Kerala

Rise and fall in quality of education

Seventy years ago, Travancore, Cochin and Malabar regions put together had 47 per cent literacy - almost three times higher than the British Indian average.  

Rajan Gurukkal

Seventy years ago, Travancore, Cochin and Malabar regions put together had 47 per cent literacy - almost three times higher than the British Indian average. 

Transcending the caste-based familial initiation into hereditary crafts (kulathozhil) and traditional general initiation to read and write at the pallikkudam/kalari (village school), education in Kerala was predominantly a missionary enterprise substantially complemented by the state.
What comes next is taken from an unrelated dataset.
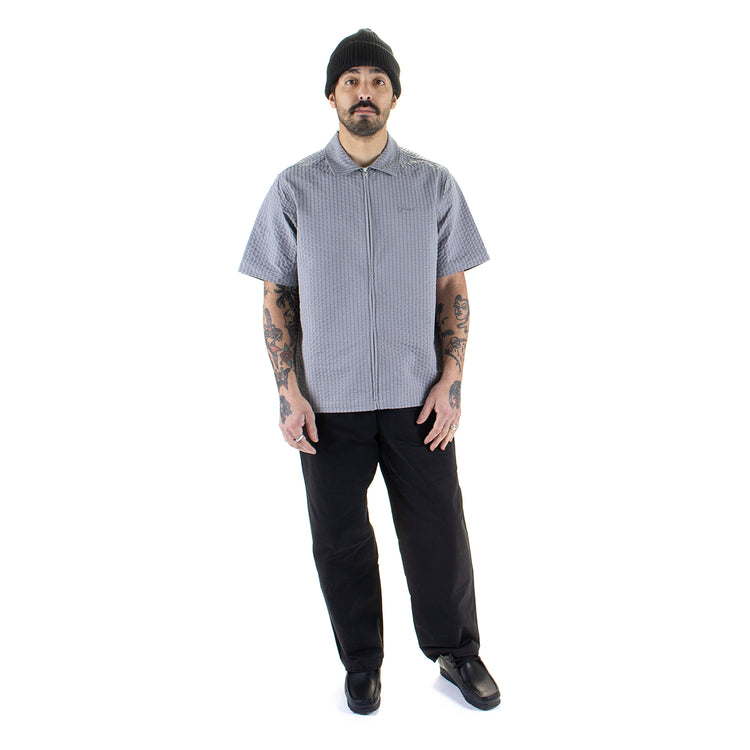 Grand Collection - Seersucker S/S Zip-Up Shirt
Color : Grey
School education, from its very inception, had de-skilled the children in traditional arts and crafts, but had made them employable in white collar jobs, including teaching. It  emancipated them from the bondage of caste-based hereditary occupations. Quality of education, in terms of competencies in comprehending, applying, analysing, evaluating and creating, was relatively high till the 70s, thanks to the variety of government measures adopted for improving the school infrastructure, learning environment, curricula, textbooks, teacher education, etc. in the wake of the socio-political rush towards 100 per cent literacy.  Kerala Education Rules culminated the state efforts to ensure corruption-free governance of schools, quality teaching and effective learning. Introduction of ‘All Promotion’ with other means to check the drop-outs in the 60s began to compromise quality.

Ever since, the growth of literacy became independent of quality.  Since the 1990s, commercialisation and privatisation of education under neoliberal national education reforms  have inflicted a rupture in the symbiotic relation between the schools of the government and the aided private sector.
Teaching has degenerated to mere militaristic disciplining of students’ memory, and learning has reduced itself to mere remembering. Teachers hardly think about teaching how to learn and students seldom distinguish understanding from memorising. Colleges and universities became institutions full of students behaving like objects floating in a current and teachers mostly discharging their duties in a ‘work to rule’ system. This has made higher education too mechanical.  Today, commercialised professional education of abysmally poor quality is proliferating unemployable graduates, awaiting enslavement tomorrow. In short, 70 years of education show a trajectory of steady rise in the percentage of literacy, but with an intersecting quality curve sticky downward from the 1990s.      

(Former Vice-Chancellor of MG University and an eminent historian and social scientist.)